> Problem details
Output exactly the lines that run from the start of the records to the line with "Used 2024 Black Ford SEL image 14", counting both ends, and skip the pictures.
[Data under study Boundary: Start]
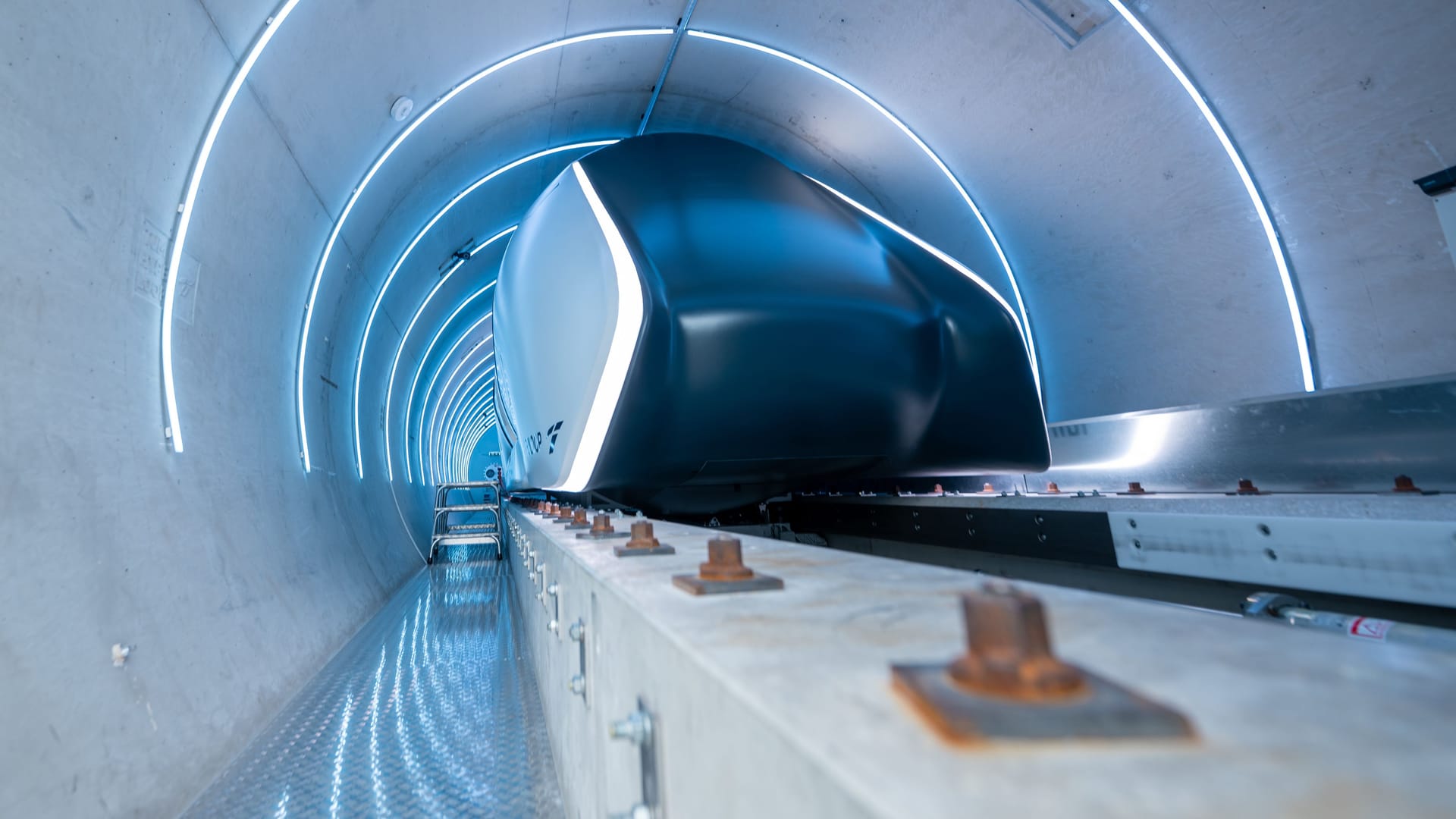 Eine Hyperloop-Teststrecken-Röhre (Symbolbild): Das futuristische Verkehrsmittel könnte in ferner Zukunft Hamburg schneller mit Kiel verbinden.
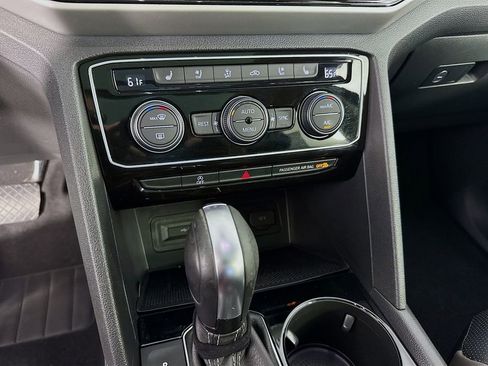 Used 2021 Volkswagen Atlas SEL Premium image 19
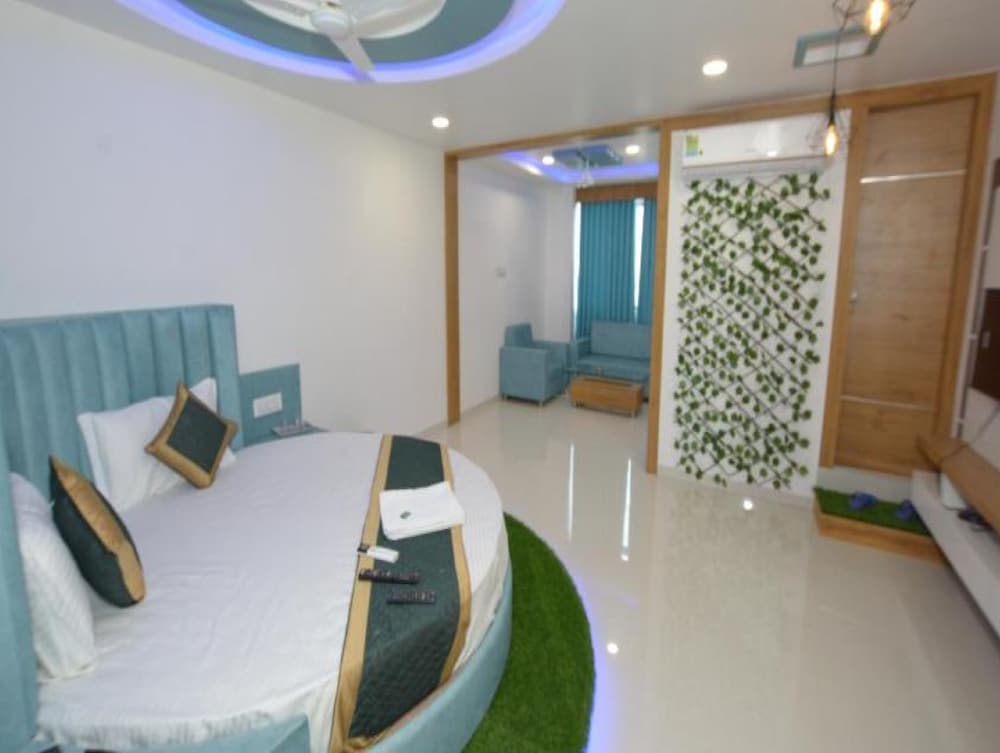 hotel green leaf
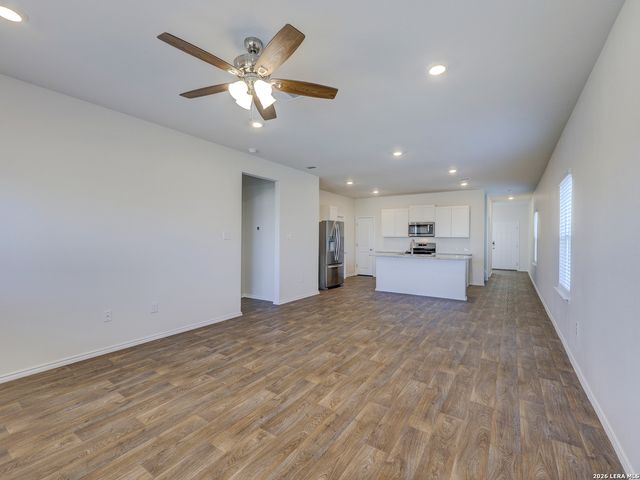 15619 GARAM TRL, Von Ormy, TX 78073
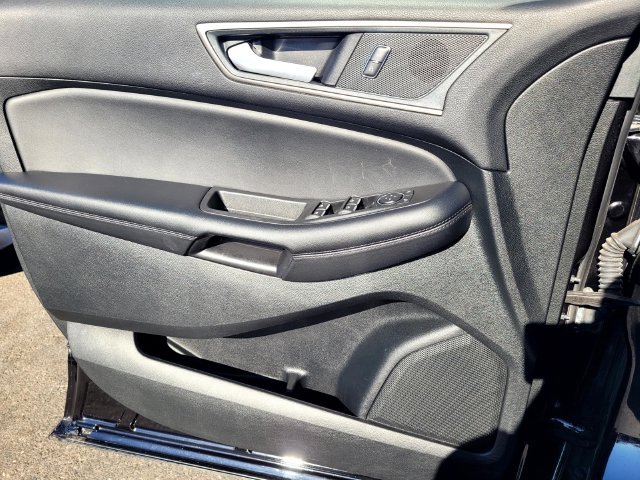Used 2024 Black Ford SEL image 14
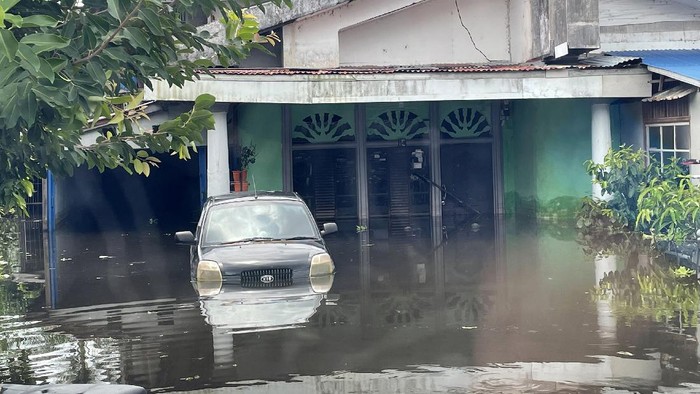 Menengok Aktivitas Warga Terdampak Banjir Sintang Banjir rendam kawasan Sintang, Kalimantan Barat, sejak beberapa pekan lalu. BPBD Kabupaten Sintang sebut ada 12 kecamatan di kabupaten setempat terdampak banjir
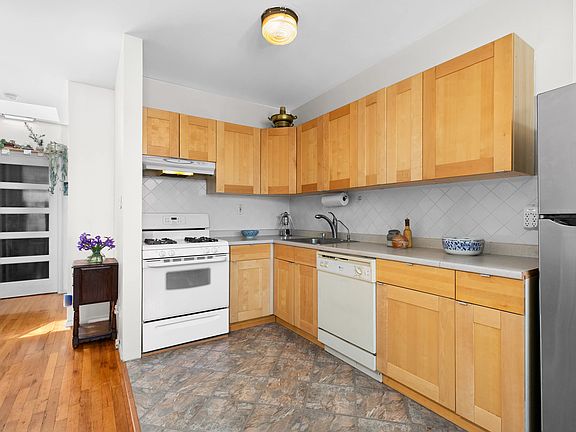 3rd image of 250 Columbia St #13A2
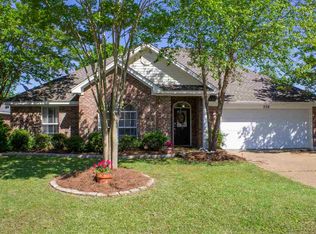 208 Holmar Dr, Brandon, MS 39047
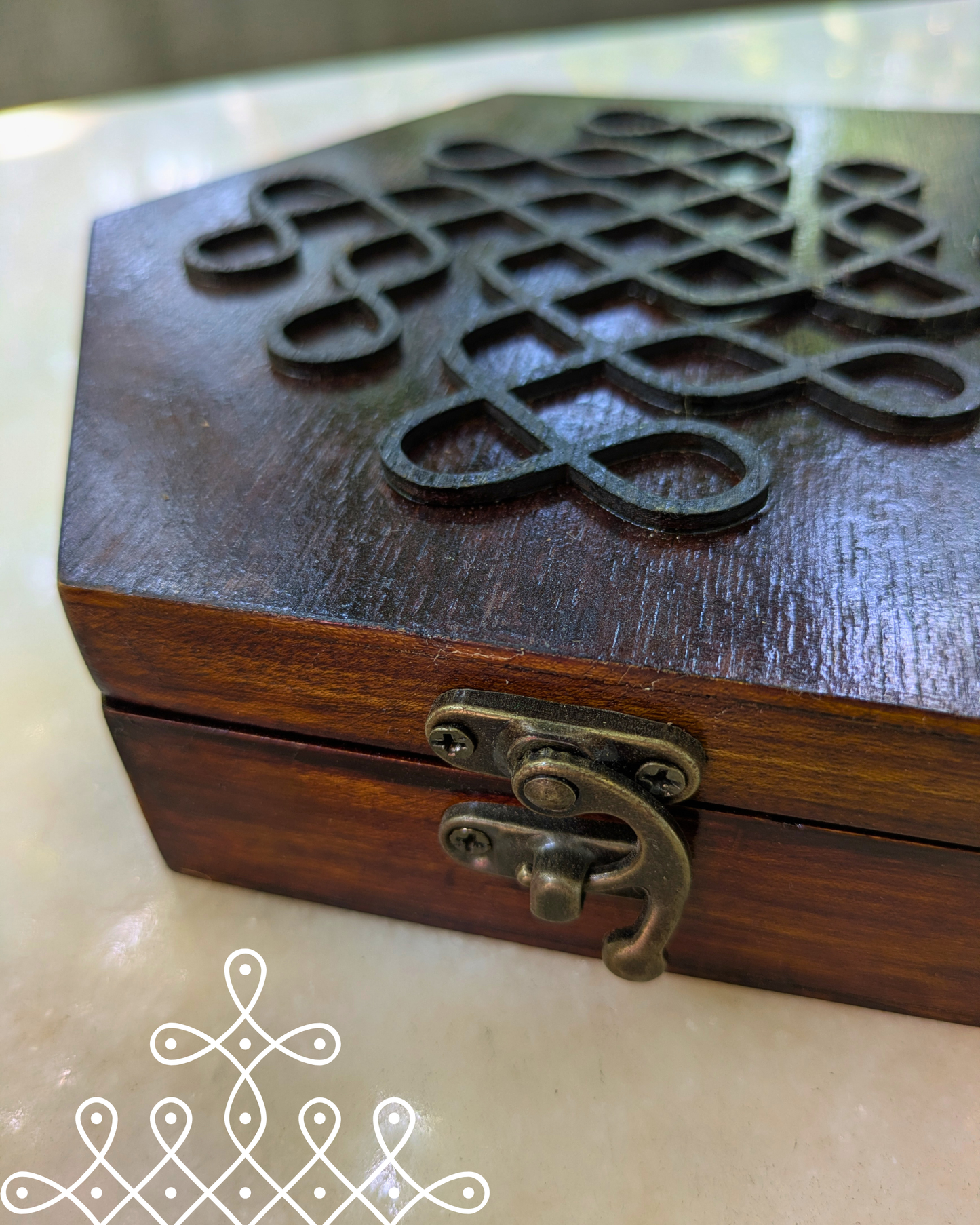 Kolam hexagon box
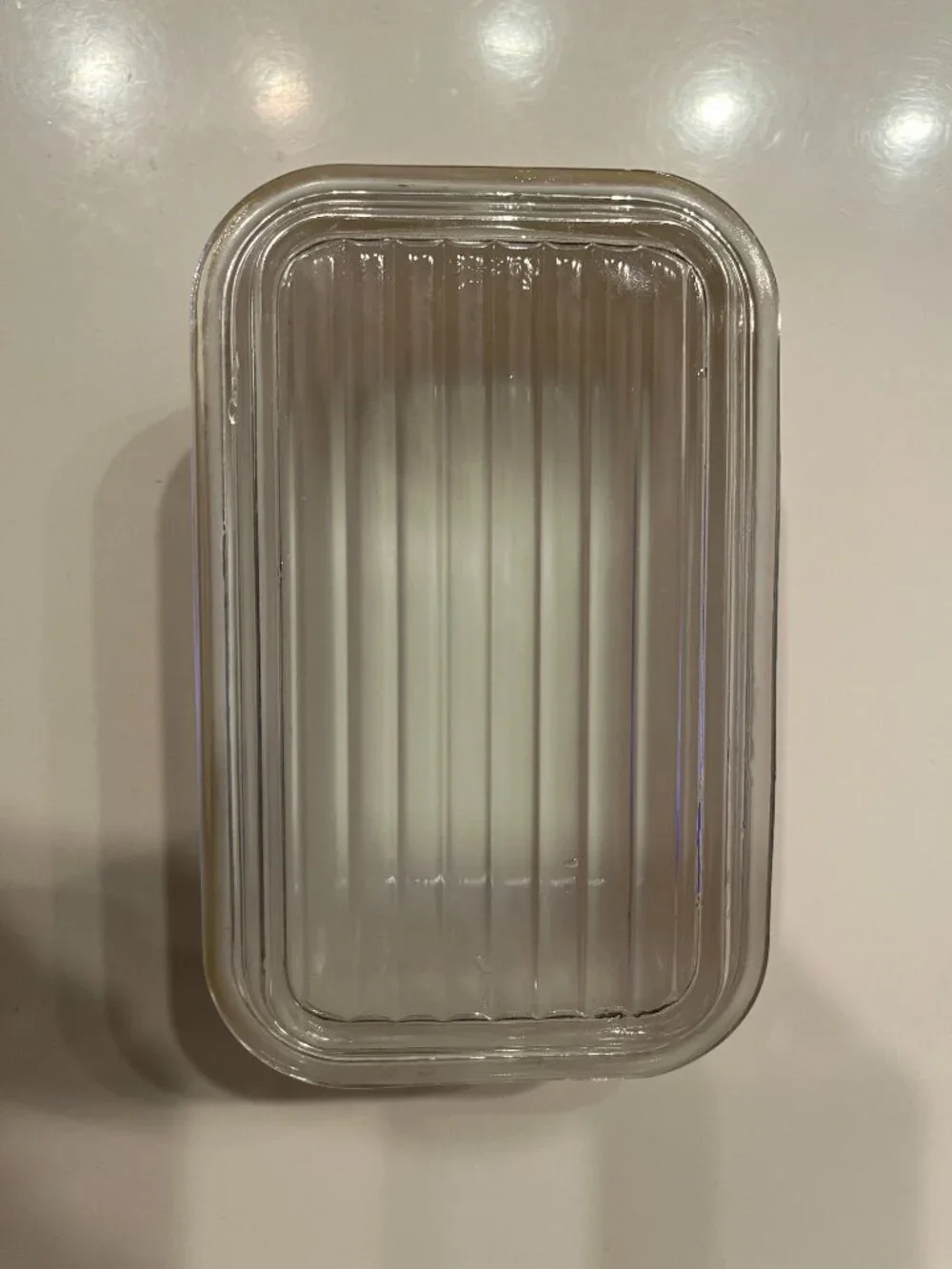 Pyrex Refrigerator Dish with Lid (Vintage Butteryfly Gold Style 0502  1.5 Pints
[Data under study Boundary: End]
> Answer to the exercise
 Eine Hyperloop-Teststrecken-Röhre (Symbolbild): Das futuristische Verkehrsmittel könnte in ferner Zukunft Hamburg schneller mit Kiel verbinden.
 Used 2021 Volkswagen Atlas SEL Premium image 19
 hotel green leaf
 15619 GARAM TRL, Von Ormy, TX 78073
Used 2024 Black Ford SEL image 14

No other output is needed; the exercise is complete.